Work task. Leave out the pictures, and copy exactly the lines from the line with "The Merge tool is" through the last line of the data below.

------ Exercise data ------

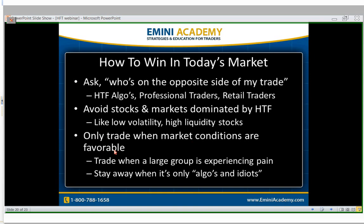Basically, the high-level answer is: trade when a large group is experiencing pain. Always ask — who's on the opposite side? Who's winning? Who's losing? Who's in control — buyers or sellers? Where are the inflection and pain points? If you can think from a mass psychology point of view, it's going to add a lot of clarity to your trading as opposed to getting obsessed over the latest indicator. Stay away when it's only algos and idiots trading — sometimes the best trade is no trade, and you have to know when to push the gas and when to pull back.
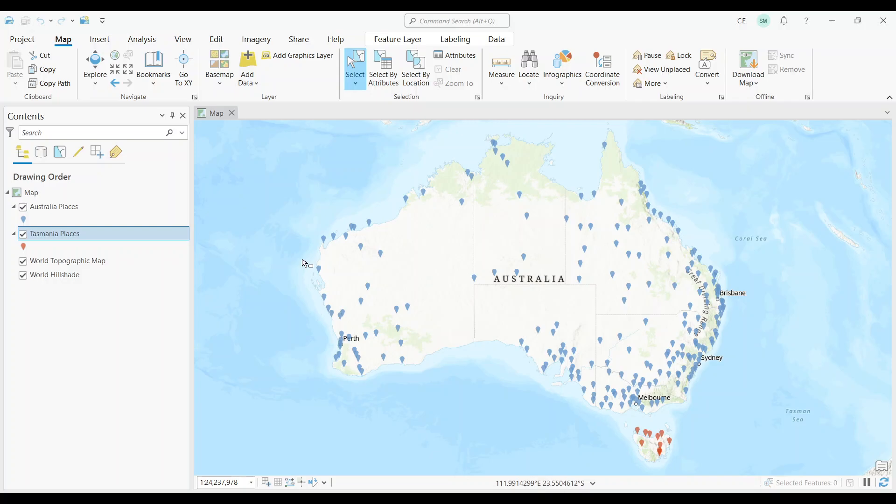The Merge tool is one of those essential tools that everyone should know in the GIS industry. The purpose of it is to take two separate datasets and combine them together into one. Today, I'm going to show you how you can use the Merge tool in ArcGIS Pro.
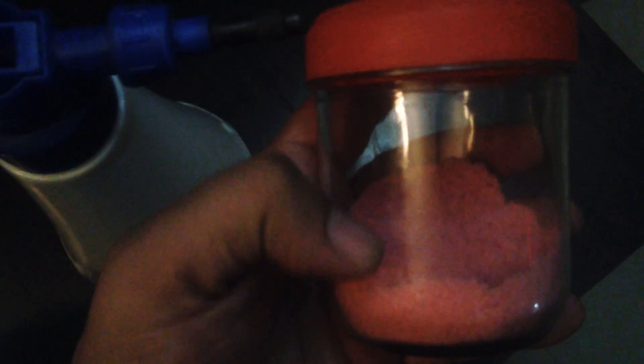We're going to mix 2 grams of this in one liter. Just open it,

------

Reply.
The Merge tool is one of those essential tools that everyone should know in the GIS industry. The purpose of it is to take two separate datasets and combine them together into one. Today, I'm going to show you how you can use the Merge tool in ArcGIS Pro.
We're going to mix 2 grams of this in one liter. Just open it,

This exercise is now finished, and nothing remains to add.